A new dataframe, aa_dat2, is created with 8 variables. THose 8 variables are the ones in the Table 2.2.
aa_dat2 <- data.frame(vol,bulk,pol, isoelec, H2Opho.34, H2Opho.35, saaH2O,faal.fold)
This code is for creating a PCA plot by a base R command and plotting the output.
pca.out <- prcomp(aa_dat2, scale = TRUE) #Run the PCA
biplot(pca.out) #Plot the output
This code is for running the PCA using vegan and call the output rda.out.
rda.out <- vegan::rda(aa_dat2,
scale = TRUE) # to properly scale numeric data by using their respective standard deviation
rda_scores <- scores(rda.out) #extract the PCA score and name it as rda_scores
rda_scores
## $species
## PC1 PC2
## vol 0.1292455 -1.21867402
## bulk -0.5240422 -1.00021659
## pol 1.0392368 -0.22161142
## isoelec 0.4272346 -0.51780748
## H2Opho.34 -1.1576058 -0.06083202
## H2Opho.35 -1.1909235 0.07563303
## saaH2O 0.2293130 -1.17930581
## faal.fold -1.0664891 -0.35159129
##
## $sites
## PC1 PC2
## sit1 -0.431697708 1.01348876
## sit2 -0.812161280 0.50497652
## sit3 0.958626669 0.71357979
## sit4 0.941582653 0.22249037
## sit5 -0.867271594 -0.76051369
## sit6 -0.093468837 1.79557675
## sit7 0.643286377 -0.33344292
## sit8 -1.013877712 -0.56001005
## sit9 1.450808627 -0.67736662
## sit10 -0.904499352 -0.52173690
## sit11 -0.668686375 -0.38778285
## sit12 0.462264010 0.53066191
## sit13 0.007416261 0.36866189
## sit14 0.458970843 0.05206945
## sit15 1.580353509 -1.08451465
## sit16 -0.014704047 1.08414678
## sit17 -0.184996200 0.37158066
## sit18 -0.979015329 -0.23223164
## sit19 -0.420924604 -1.37484059
## sit20 -0.112005910 -0.72479295
##
## attr(,"const")
## [1] 3.511243
This code is for creating a biplot.
biplot(rda.out, display = "sites", col = 0,)

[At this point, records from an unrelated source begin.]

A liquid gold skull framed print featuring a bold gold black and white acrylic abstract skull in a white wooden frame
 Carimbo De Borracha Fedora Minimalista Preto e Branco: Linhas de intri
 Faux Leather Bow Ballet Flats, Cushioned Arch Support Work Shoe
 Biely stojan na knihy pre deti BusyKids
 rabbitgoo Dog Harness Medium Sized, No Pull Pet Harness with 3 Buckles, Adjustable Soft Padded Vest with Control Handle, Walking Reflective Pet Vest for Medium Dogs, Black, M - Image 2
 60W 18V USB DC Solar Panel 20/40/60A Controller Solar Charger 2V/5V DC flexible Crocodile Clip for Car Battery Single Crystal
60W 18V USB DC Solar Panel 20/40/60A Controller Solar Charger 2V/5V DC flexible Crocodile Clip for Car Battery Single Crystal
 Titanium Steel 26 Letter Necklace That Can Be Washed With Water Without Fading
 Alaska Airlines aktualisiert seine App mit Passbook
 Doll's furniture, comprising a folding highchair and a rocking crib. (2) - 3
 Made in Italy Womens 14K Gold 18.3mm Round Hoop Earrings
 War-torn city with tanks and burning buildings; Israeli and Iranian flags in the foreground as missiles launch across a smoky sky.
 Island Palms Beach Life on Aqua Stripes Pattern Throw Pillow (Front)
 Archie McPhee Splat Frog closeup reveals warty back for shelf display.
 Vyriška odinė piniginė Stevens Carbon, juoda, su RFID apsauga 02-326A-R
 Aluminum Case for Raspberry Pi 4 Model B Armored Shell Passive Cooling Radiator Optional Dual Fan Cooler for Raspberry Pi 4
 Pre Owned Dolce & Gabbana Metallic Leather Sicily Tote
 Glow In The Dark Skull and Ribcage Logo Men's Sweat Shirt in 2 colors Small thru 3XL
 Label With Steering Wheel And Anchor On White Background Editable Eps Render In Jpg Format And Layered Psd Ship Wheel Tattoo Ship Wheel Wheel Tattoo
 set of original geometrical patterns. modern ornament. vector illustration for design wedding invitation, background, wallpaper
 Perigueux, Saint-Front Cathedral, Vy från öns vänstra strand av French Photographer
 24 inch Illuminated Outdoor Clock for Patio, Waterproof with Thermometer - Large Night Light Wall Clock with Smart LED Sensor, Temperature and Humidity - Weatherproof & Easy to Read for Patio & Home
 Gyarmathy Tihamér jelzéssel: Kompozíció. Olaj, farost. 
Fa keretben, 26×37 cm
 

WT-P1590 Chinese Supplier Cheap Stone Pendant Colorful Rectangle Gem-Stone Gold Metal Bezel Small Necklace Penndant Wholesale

orditorp(rda.out, display = "sites", labels = aa_dat$aa, cex = 1.2)
ordihull(rda.out,
group = aa_dat$charge,
col = 1:7,
lty = 1:7,
lwd = c(3,6))
The plot created above is very different from the one in the in the Higgs and Atwood paper. 1. the scale for these two plots are different 2. the data points in the paper are more spread out comparing to the plot created above. 3. the orientation of the figure in the paper is the upside-down version of the plot created above. 4. in the original paper, there is no grouping indicated in the figure. But the plot created above make use of red, green and black lines to show the grouping to show the relationship.
The purpose of cluster analysis is classify different objects into similar groups.To categorize them into cluster, we base on the similarities or dissimilarities between the objects.
Unweighted pair-group method with arithmetic mean (UPGMA) is a type of clustering method that utilizes the hierarchical clustering method. Since UPGMA is a distance method, it needs a distance matrix. And it can be used for generating visual plots such as dendrograms.
row.names(aa_dat2) <- paste(aa_dat$aa, sep = ".")
dist_euc <- dist(aa_dat2,
method = "euclidean")
clust_euc<- hclust(dist_euc,
method = "average") #this method sets hclust to UPGMA
dendro_euc = as.dendrogram(clust_euc)
plot(dendro_euc,horiz = T,
nodePar = list(pch = c(1,NA),
cex = 0.5,
lab.cex = 1.2))
This plot is a distance matrix to show distance between objects: amino acids. The distance is calculated by Euclidean distance matrix based on the different properties.An Euclidean distance matrix is a matrix containing squared distances between two points. As an equation, it can be expressed as a sum of squares.
This cluster analysis has some differences in the comparison to the one in the Higgs and Atwood paper.The difference is the relative proximity between amino acids. The distance between some amino acids gets changed: some are closer and some are further.